Selain itun, budidaya di lahan sempit menggunakan drum sebagai wadahnya pun cocok. Modal membudidayakan belut di dalam drum juga tidak terlalu besar.

untuk kamu yang tertarik membudidayakan belut, berikut ini langkah-langkah pembenihan belut di drum.

1. Pilih lokasi usaha yang memiliki sumber air cukup.
2. Siapkan peralatan yang dibutuhkan seperti pompa air, termometer, dan pH kit.
3. Siapkan kolam untuk perawatan induk dan pemijahan belut. Kolam pemijahan dapat dibuat dari drum. Jumlah drum yang dibutuhkan sebanyak 80 buah.
4. Buat media kolam belut bersusun setinggi 80 cm. Mulai dari tanah sawah, cincangan jerami, cincangan gedebog pisang dan biostarter.
5. Masukkan air ke media hingga ketinggian 10 cm dari permukaan media paling atas. Biarkan media selama 1–2 bulan hingga terfermentasi dengan baik.
6. Lakukan seleksi induk jantan dan betina. Pilih induk betina yang panjangnya di bawah 30 cm, sedangkan jantan di atas 40 cm. Perbandingan pemijahan antara induk jantan dan betina 1:2–3.

Usaha pembenihan tidak selalu berjalan mulus. Terkadang, ada pembudidaya yang gagal melakukan pembenihan. Biasanya, kegagalan tersebut disebabkan oleh komposisi media tanam yang kurang tepat.

Kendala lain yang kerap dirasakan oleh pembenih belut ialah tingkat kehidupan benih belut yang masih rendah sehingga tingkat kematian tergolong tinggi.

Dalam urusan pakan, biasanya belut diberikan cacing jenis apa saja, ikan-ikan kecil, kecebong, atau serangga kecil lainya, bisa juga siput atau keong. Untuk siput atau keong sebaiknya dibuang cangkangnya dan dicacah kecil-kecil baru diberikan.

Pakan diberikan satu hari sekali pada sore hari karena biasanya belut makan pada saat petang menjelang malam. Untuk takaranya bisa menggunakan filling, Apabila belut masih terlihat lapar boleh ditambah lagi.

Baca Juga: Tips Pembenihan Belut Menggunakan Drum
5 Jenis Makanan Belut yang Bagus untuk Pertumbuhan agar Cepat Panen

Nah, masuk kemasa panen, biasanya membutuhkan waktu sekitar 3-4 bulan. Memanen belut yang dibudidayakan dalam drum bisa dilakukan dengan panen sebagian atau panen total.

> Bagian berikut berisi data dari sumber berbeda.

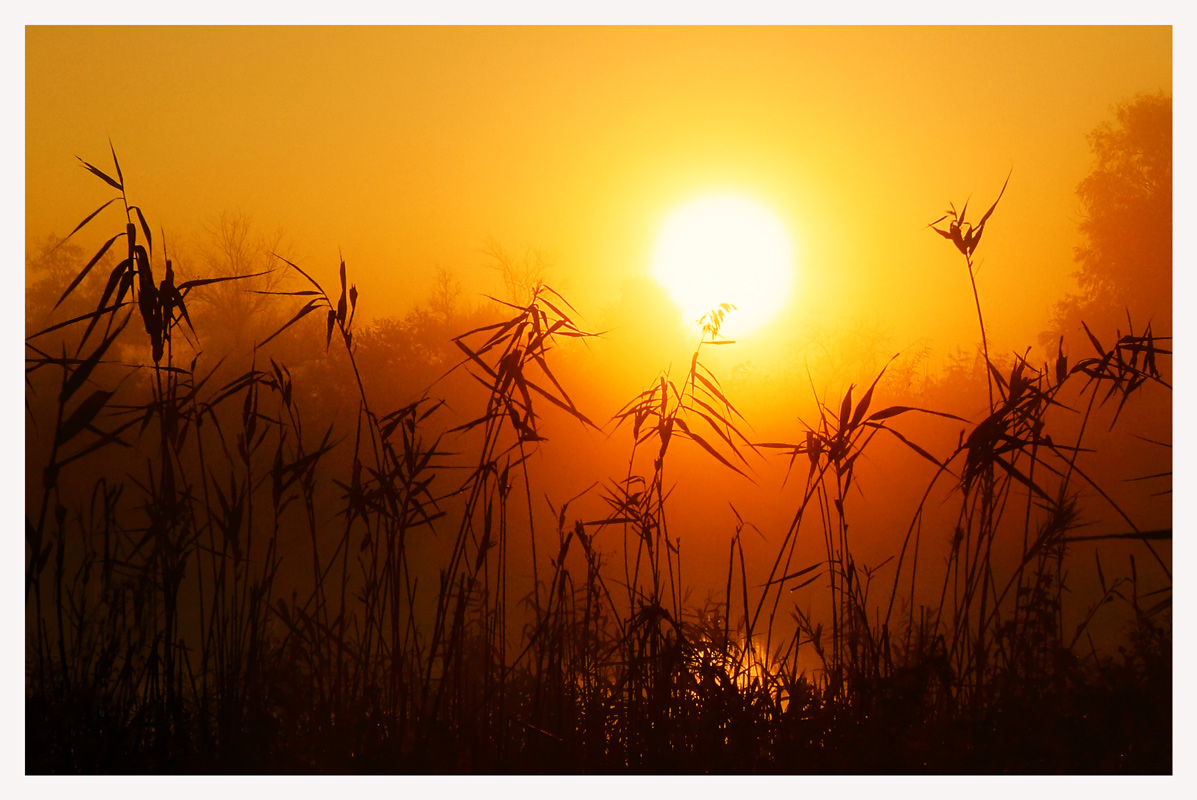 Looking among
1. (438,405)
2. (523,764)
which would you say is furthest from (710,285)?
(523,764)

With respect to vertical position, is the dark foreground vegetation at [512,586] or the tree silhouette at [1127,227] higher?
the tree silhouette at [1127,227]

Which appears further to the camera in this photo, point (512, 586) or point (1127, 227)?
point (1127, 227)

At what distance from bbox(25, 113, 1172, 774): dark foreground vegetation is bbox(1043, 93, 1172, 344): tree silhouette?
0.10 m

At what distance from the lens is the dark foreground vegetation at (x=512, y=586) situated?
2.65m

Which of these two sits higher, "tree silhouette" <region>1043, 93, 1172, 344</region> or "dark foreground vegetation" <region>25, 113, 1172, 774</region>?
"tree silhouette" <region>1043, 93, 1172, 344</region>

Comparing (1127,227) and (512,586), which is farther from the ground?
(1127,227)

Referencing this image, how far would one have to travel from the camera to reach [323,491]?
9.12 feet

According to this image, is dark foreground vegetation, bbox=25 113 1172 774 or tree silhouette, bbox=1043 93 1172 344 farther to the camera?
tree silhouette, bbox=1043 93 1172 344

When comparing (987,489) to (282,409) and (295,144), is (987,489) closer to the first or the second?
(282,409)

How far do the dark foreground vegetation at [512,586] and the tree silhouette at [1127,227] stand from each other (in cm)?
10

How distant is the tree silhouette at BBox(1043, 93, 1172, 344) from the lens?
2.86m

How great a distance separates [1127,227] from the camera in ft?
9.36

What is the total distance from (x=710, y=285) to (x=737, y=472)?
22.5 inches

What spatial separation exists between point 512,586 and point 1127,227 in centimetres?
212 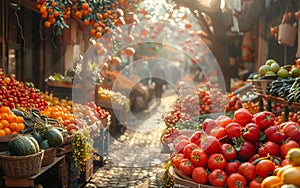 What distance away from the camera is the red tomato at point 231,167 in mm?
3141

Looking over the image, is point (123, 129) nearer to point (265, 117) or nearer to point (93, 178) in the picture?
point (93, 178)

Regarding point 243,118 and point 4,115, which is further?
point 4,115

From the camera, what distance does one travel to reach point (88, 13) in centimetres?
720

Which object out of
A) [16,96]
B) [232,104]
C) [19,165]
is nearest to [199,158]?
[19,165]

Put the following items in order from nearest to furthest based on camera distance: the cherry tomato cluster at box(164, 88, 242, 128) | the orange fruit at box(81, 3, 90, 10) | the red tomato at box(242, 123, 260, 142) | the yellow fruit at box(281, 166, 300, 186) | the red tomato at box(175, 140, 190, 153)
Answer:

Panen sebagian adalah panen yang hanya mengambil belut berukuran besar saja. Belut-belut yang ukurannya masih kecil dibiarkan dalam drum agar bisa dipanen di periode berikutnya. Panen total berarti memanen semua belut yang ada di dalam drum baik yang kecil ataupun yang besar.